Print all of the data exactly as written.
──────── SUPPLIED RECORDS
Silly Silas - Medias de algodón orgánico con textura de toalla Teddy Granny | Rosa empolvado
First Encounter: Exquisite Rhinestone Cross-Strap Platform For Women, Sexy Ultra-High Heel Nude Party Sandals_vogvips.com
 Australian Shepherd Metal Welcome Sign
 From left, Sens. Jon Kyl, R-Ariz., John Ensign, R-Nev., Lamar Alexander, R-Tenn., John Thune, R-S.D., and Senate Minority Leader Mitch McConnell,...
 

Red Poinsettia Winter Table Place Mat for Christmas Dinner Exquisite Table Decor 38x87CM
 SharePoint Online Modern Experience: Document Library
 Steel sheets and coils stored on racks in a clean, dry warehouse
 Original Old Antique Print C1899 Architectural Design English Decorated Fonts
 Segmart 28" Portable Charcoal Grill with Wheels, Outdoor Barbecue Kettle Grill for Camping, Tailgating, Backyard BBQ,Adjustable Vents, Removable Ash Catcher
────────────────
EXPECTED OUTPUT
Silly Silas - Medias de algodón orgánico con textura de toalla Teddy Granny | Rosa empolvado
First Encounter: Exquisite Rhinestone Cross-Strap Platform For Women, Sexy Ultra-High Heel Nude Party Sandals_vogvips.com
 Australian Shepherd Metal Welcome Sign
 From left, Sens. Jon Kyl, R-Ariz., John Ensign, R-Nev., Lamar Alexander, R-Tenn., John Thune, R-S.D., and Senate Minority Leader Mitch McConnell,...
 

Red Poinsettia Winter Table Place Mat for Christmas Dinner Exquisite Table Decor 38x87CM
 SharePoint Online Modern Experience: Document Library
 Steel sheets and coils stored on racks in a clean, dry warehouse
 Original Old Antique Print C1899 Architectural Design English Decorated Fonts
 Segmart 28" Portable Charcoal Grill with Wheels, Outdoor Barbecue Kettle Grill for Camping, Tailgating, Backyard BBQ,Adjustable Vents, Removable Ash Catcher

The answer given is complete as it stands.